Malnutrition and obesity are prevalent in areas of social deprivation (Reference Elia and Stratton1, Reference Purslow2) and these data add to the mass of evidence obtained from hospital inpatient and outpatient settings and residential homes. In West Berkshire, RECOMMEND ( Reading Community Medical Nutrition Data) has investigated GP knowledge of and attitudes towards common forms of malnutrition in order to see how GP might engage in this topic.
In a questionnaire to 210 GP in North Hampshire, West Berkshire and Oxfordshire, 10 questions tested nutritional knowledge and the remainder (19) explored medical training and clinical practice, mainly using a Likert scale rating of, for example, 1=least relevant to 6=most relevant. The control group comprised 3rd year BSc or MSc students of Nutrition and Food Science (n 31).
Fifty-four GP responded (26%) of whom 39% were men and 61% women. Their nutritional knowledge score (5.4±1.4, range 2–8) was less than that of students (6.1±1.5, 3–8, P<0.05). Most GP (78%) had received no nutritional training at medical school, or subsequently (77%) and only 9% would welcome some training now. Most (90%) considered it to have been ‘slightly or not at all important’ during medical school, but this lack of training had little effect on perceived ability to engage in nutrition counselling with patients. In clinical practice, most GP sought nutritional advice from dietitians (67%), the internet (63%) or journals (31%) and thought that nutrition counselling was ‘quite important or very important’ (61%). Barriers to nutritional counselling (score from 6) were lack of time (4.72), lack of knowledge about nutrition (3.88), low patient compliance (3.62) and few opportunities to counsel (3.12). Common clinical practices (i.e. ‘quite often or very often’) were: referral to a dietitian (19%), dietary counselling (70%), prescription of dietary supplements (7.4% and 43% would do this occasionally) and nutritional assessment (42%). Most respondents thought that nutrition counselling would be improved if consultations were longer (90%), there was more information to give out (90%) or there was better access to a dietitian (87%). Extra training (72%) and proper financial rewards for extra work on preventative medicine (61%) were considered less important.

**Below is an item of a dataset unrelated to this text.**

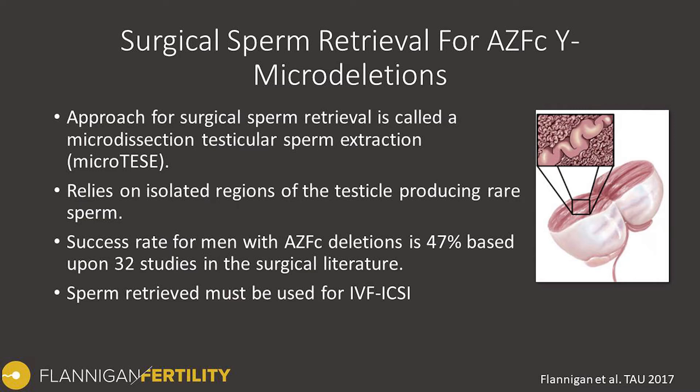The success rate for this microTESI procedure is approximately 47% specifically for AZF-C deletions. This number comes from a meta-analysis in the medical and surgical literature — essentially a study of studies — looking at 32 studies. On average across all different centers and surgeons trying to extract sperm, about 47% of men were successful.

These data suggest that General Practitioners in Southern Central England have adequate nutrition knowledge and engage in effective treatment by direct counselling or referrals to a dietitian, where necessary. However, any interventions must fit into the busy pattern of general practice(Reference Sacerdote3). BAPEN could lead in this by the provision of tailored educational material and the promotion of MUST, an assessment tool ideally suited to the constraints of general practice.